Everyone wants texting while driving to stop. It’s already illegal in 28 states, including New York, New Jersey, Michigan and California. Even hard-driving libertarians acknowledge that, whatever their reservations about illegalization, it’s a foolhardy practice that should be discouraged.

Foolhardy? Research conducted by no less than Car & Driver magazine indicated that texting while driving could actually be more dangerous than drinking while driving. They found that reaction times were better when drivers were drunk compared to when they were reading or sending text messages while sober. That’s because when a driver takes his eyes off the road, it cuts down on the ability to react to changes even more than alcohol does.

In 2008, the National Highway Traffic Safety Administration (NHTSA) reported that almost 6,000 fatalities and over half a million injuries were due to accidents caused by drivers who were distracted. The study wasn’t focused on texting, but it’s a sobering statistic nonetheless, suggesting the seriousness of the problem.

Legal bans haven’t stopped people from texting at the wheel. Even people who admit that it’s dangerous still do it. The lure of texting is too powerful. So the search for a technology to save us from our technology continues. Global Positioning Systems are helpful, but they can easily be bypassed, and experts say they eat up battery life. In any case, only a small percentage of drivers use the GPS option to avoid texting.

But the story of Katasi — a company with  technology that will not only discourage but prevent texting while driving — illustrates just how elusive new solutions to such problems can be.

Inventor Scott Tibbitts, a chemical engineer who built motors and docking stations for NASA, came up with an almost foolproof method for blocking incoming and outgoing texts and preventing phone calls from reaching a driver. The technology works via a small square box that plugs into the OBD 2 port under the steering column, and almost all cars will be fitted for it by 2025.

Tibbetts got backing for his project from American Family Insurance and Sprint. AFI put up the money; Sprint agreed in principle to allow Mr. Tibbitts’s company, Katasi, to use its network to stop texts. 

The ultimate answer appeared to be just around the corner.

But then economics began to catch up with ingenious technology and good intentions. Sprint executives were having second thoughts about market potential and investment risks.

They also became hesitant about legal liability. What would happen if the technology let one text slip through, and someone reading the message got into a crash?

“If that one message does get through, and someone [had] understood, ‘I bought this and I’ll be safe,’ what does that mean for our brand and our business?” they asked.

Some think the liability issue is just a smokescreen for the profit issue, although one Sprint spokesman said the company’s concern is “not about profit; it is about doing the right thing.”

Whether you believe him or not is up to you.
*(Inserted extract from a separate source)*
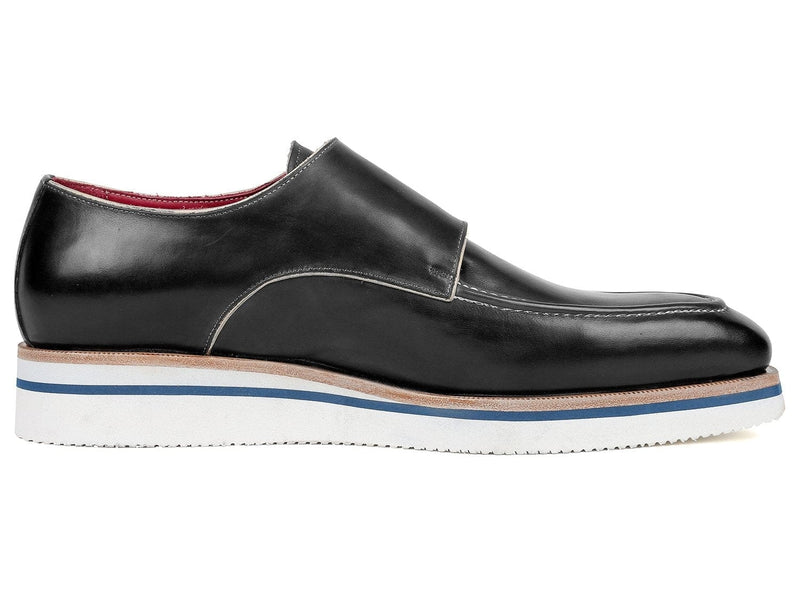 PAUL PARKMAN Paul Parkman Men's Smart Casual Monkstrap Shoes Black Leather (ID#189-BLK-LTH)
But in the meantime, the reality is that America stands on the threshold of eradicating this scourge and hesitates to move forward.

Yet, as is so often the case, the statistics may not be as straight down the middle of the road as they seem. Research is ongoing, and cannot yet be considered conclusive.

The broader statistical picture suggests that the hazard of texting may be overdrawn. As public policy analyst Radley Balko points out, since 1995 there’s been an eightfold increase in cellphone subscribers in the United States, and the number of minutes spent on cellphones rose phenomenally, by a factor of 58.

Yet traffic fatalities have dropped slightly — but they’ve dropped. Overall reported accidents since 1997 have dropped too, from 6.7 million to 6 million.

Proponents of a ban on cellphones argue that if texting were eliminated those numbers would have dropped much more. But that belongs to the what-ifs of history, to all those retrospective conundrums for which we will never have the answer.

What we do know is that, once again, we have met up with the imponderables of public safety. How far should government or private industry go in protecting us from ourselves? How much are we willing to pay for the ultimate in safety measures? Are the dangers really proven? Are the precautionary bans enforceable? (For example, traffic policemen have had a tough time spotting a texter versus someone just reading a text, which is legal in some states that have partial bans.)

In the meantime, we will muddle through with bans, partial bans, and driver’s-ed safety campaigns. We can hope that texting while driving will gradually fade away, like last century’s fashions … until the wonderful day of the self-driving car arrives, and we can do whatever we want behind the wheel while the car drives for us.

Until, that is, we awaken to the as-yet-unforeseen perils of the self-driving car.